# Could I do?



## dmuddle (Nov 14, 2011)

Could I do a 20 gallon clownfish tank. I really like clownfish and may be buying a 2nd 20 gallon tank to create a clownfish tank. Is it possible?


----------



## Tazman (Jan 15, 2012)

yes it is possible.

Live rock 1-1.5lbs per gallon to act as your main filtration. Dry rock is also cheaper and will become live overtime.

Live sand, a few crabs and snails as Clean Up Crew.

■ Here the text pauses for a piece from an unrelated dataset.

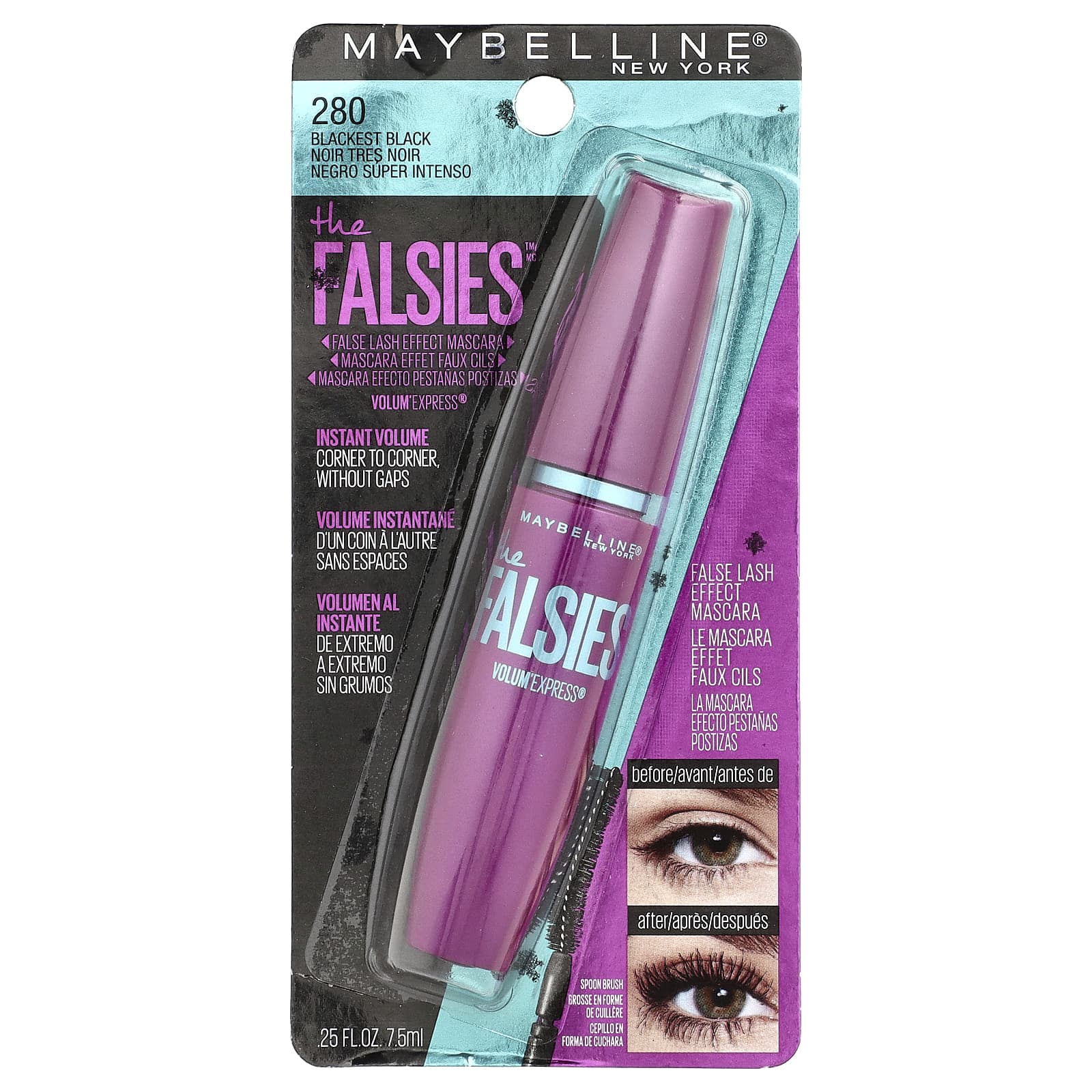 Maybelline, The Falsies™, тушь с эффектом накладных ресниц, оттенок 280 черный, 7,5 мл (0,25 жидк. унции)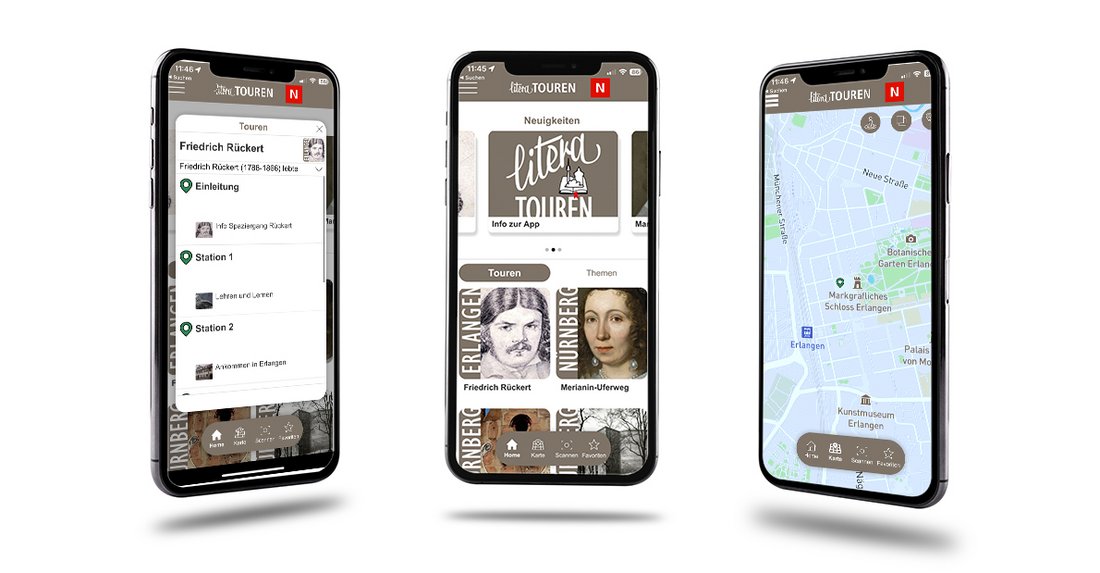 Die App LiteraTouren auf dem Smartphone.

It does get quite expensive to setup a saltwater tank so take this into account.


----------



## Tazman (Jan 15, 2012)

Reefing Madness is the person who will help you the most..he has helped me an awful lot (see my thread on Beginner Questions / Checking)...I have a 29g tank with 2 clowns in it.


----------



## dmuddle (Nov 14, 2011)

yea I am going for a couple of jobs at the moment to raise some "funds".


----------



## Reefing Madness (Jun 26, 2011)

20g tank
200gph power head
no need for a skimmer doing 10% water changes weekly, you will just have to keep an eye on nitrates.
20-30lbs Live Rock
2-3" Sand Bed
Refractometer
small T-5 light
Thermometer
And your all set.


----------



## Reefing Madness (Jun 26, 2011)

Tazman said:


> yes it is possible.
> 
> Live rock 1-1.5lbs per gallon to act as your main filtration. Dry rock is also cheaper and will become live overtime.
> 
> ...


:thumbsup:


----------



## dmuddle (Nov 14, 2011)

thanks and are you sure the no skimmer that would cut plenty of the cost out of it in australia


----------



## Reefing Madness (Jun 26, 2011)

dmuddle said:


> thanks and are you sure the no skimmer that would cut plenty of the cost out of it in australia


 Not required in a 20g tank. As long as you watch your Nitrates, you can export those excess nutrients easily by just doing weekly water changes.


----------



## dmuddle (Nov 14, 2011)

okay sweet that saves me a heap of money


----------



## dmuddle (Nov 14, 2011)

What will cost me the most in a clownfish tank? besides the tank itself?


----------



## Reefing Madness (Jun 26, 2011)

dmuddle said:


> What will cost me the most in a clownfish tank? besides the tank itself?


 Live Rock, Macro Rock.


----------



## dmuddle (Nov 14, 2011)

okay thanks how often do they breed


----------



## Reefing Madness (Jun 26, 2011)

dmuddle said:


> okay thanks how often do they breed


 Breed Clownfish | Saltwater Fish Breeding


----------



## dmuddle (Nov 14, 2011)

okay I heard that if you get them as juveniles the more dominant one will turn female and they will breed really easily


----------



## dmuddle (Nov 14, 2011)

THanks that kind of helped, I dont really want them to breed straight away so Ill just monitor them


----------



## Reefing Madness (Jun 26, 2011)

dmuddle said:


> THanks that kind of helped, I dont really want them to breed straight away so Ill just monitor them


 :thumbsup:


----------